Having those little buckets really helped me make my first budget and stick to it, which is how I was able to successfully pay off the $10,000 of credit card debt in about 16 months, I think. Have you changed your approach since then or do you continue to follow their recommendations?

It's a little bit more lax now, especially since I just started working for myself. My budget is kind of all over the place because when you have freelance clients, money doesn't always come in on the first and 15th of the month like you'd like it to. For the most part, I think I live well within my means, especially being a homeowner and renting out the rooms.

That really helps create extra income. But it is a little bit more lax. I kind of just separate money for my expenses and then money that I want to put away and then everything else I kind of just spend as I choose. I used to really ration it out like I can only spend $100 on eating out and now it's just sort of what comes up because every week is different, especially working for yourself.

One week you may have a lot of meetings and the next week you don't. So I kind of just spend as I can with what I have. You've been very focused on your blog and talking about your adventures in the real estate market. Share with me some of the background as far as your goal when you got into the real estate market, some of the things that have been fantastic and worked well and some of the surprising disadvantages that you found.

That's a loaded bag of questions. I was a finance blogger in 2013 reading all the financial content. I was like, "I think it would be a great money move for me to buy a home." And shortly before I left New York City, I got the last of my Christmas bonus from this hedge fund I worked for.

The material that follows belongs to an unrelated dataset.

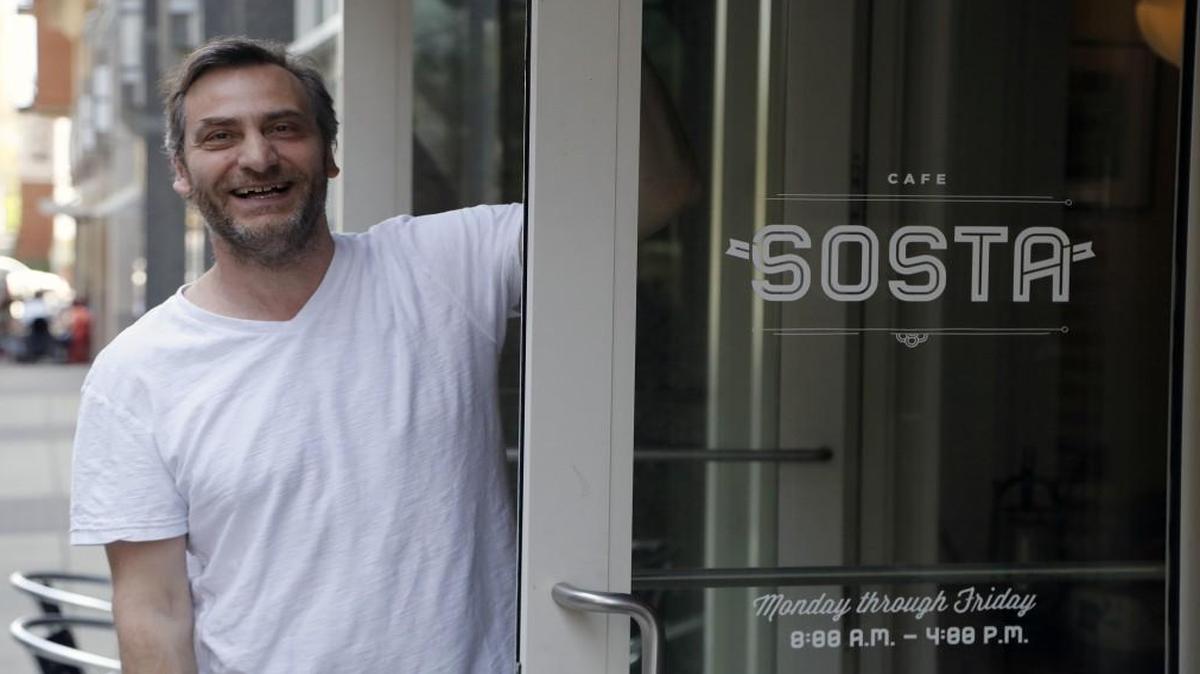 Owner Jerome Lauck at his cafe, Sosta, which is on the street level of the Red Hat Building in downtown Raleigh.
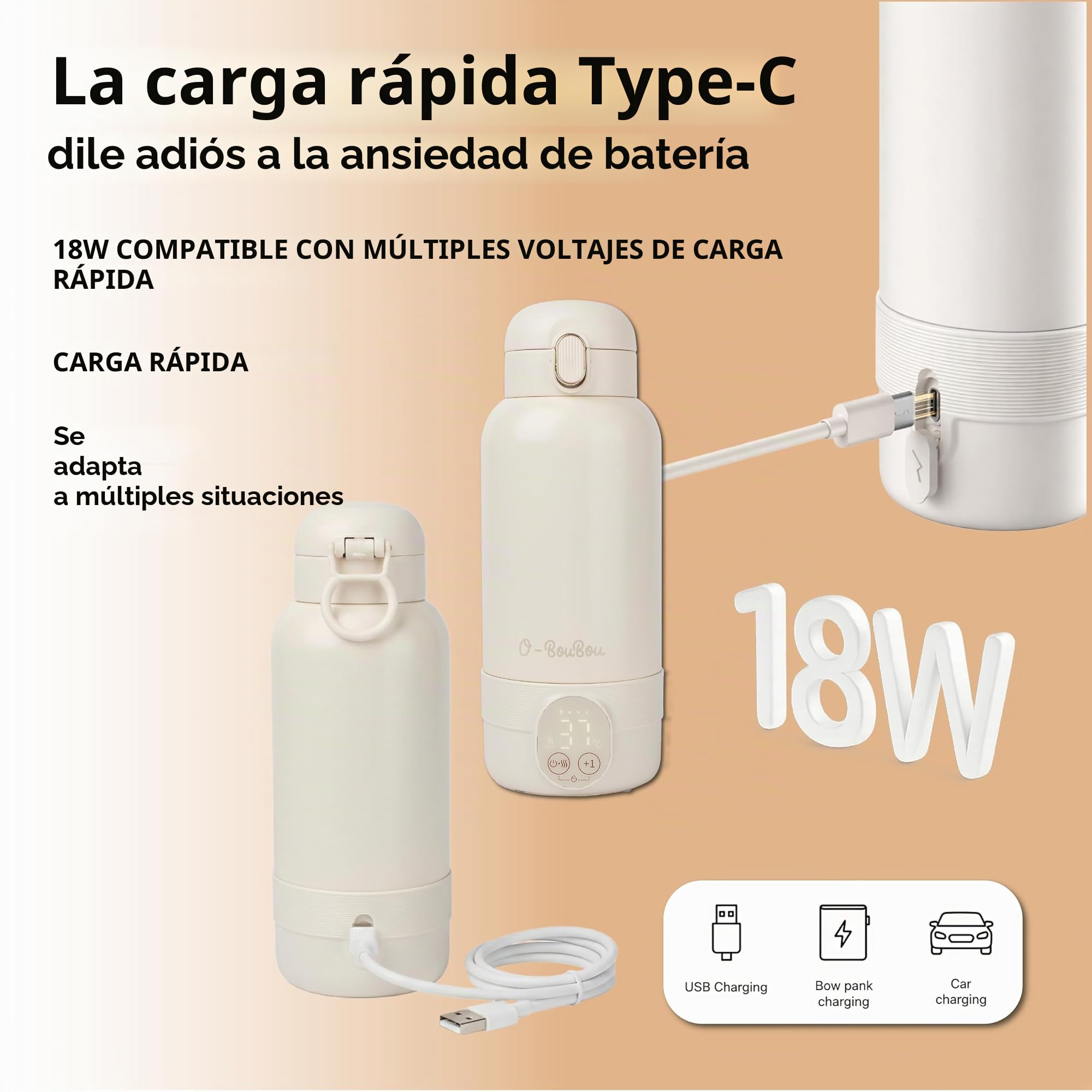 Calienta Biberones Portatil inalámbrico - Capacidad 500ml - Para Leche Materna y Agua - Acero Inoxidable - Ideal Para la Noche, Salidas y Viajes - Se Calienta en 3 Minutos - Batería de Larga Duración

And so I had a windfall and I wanted it to mean something. I wanted it to be money that I could make it grow in some way and I really thought a house was the way to do that. So I bought a home. The story goes I was shopping with my then fiance.

We are no longer together. We didn't get married. So I bought a house that was much larger than what I actually needed because I thought we'd be living here together and having a family and all of that, which was disappointing when that ended. But it actually ended up being a blessing because now I have all these extra rooms to rent and I don't pay anything to live here basically.

My mortgage is completely covered. Tyler Lenz: Are you willing to share the numbers? How many rooms, how many renters, that kind of thing? How much are your mortgage payments? Shana Grayson Sure, sure. So my mortgage payment is $900. That was also in the Red Book article. And I have two roommates.

I have three bedrooms. One is like an attic sort of master suite that I live in, which is nice because I have that separation from them downstairs. And then I have two tenants. One is my brother and the other is a friend. And the third person kind of cycles in and out.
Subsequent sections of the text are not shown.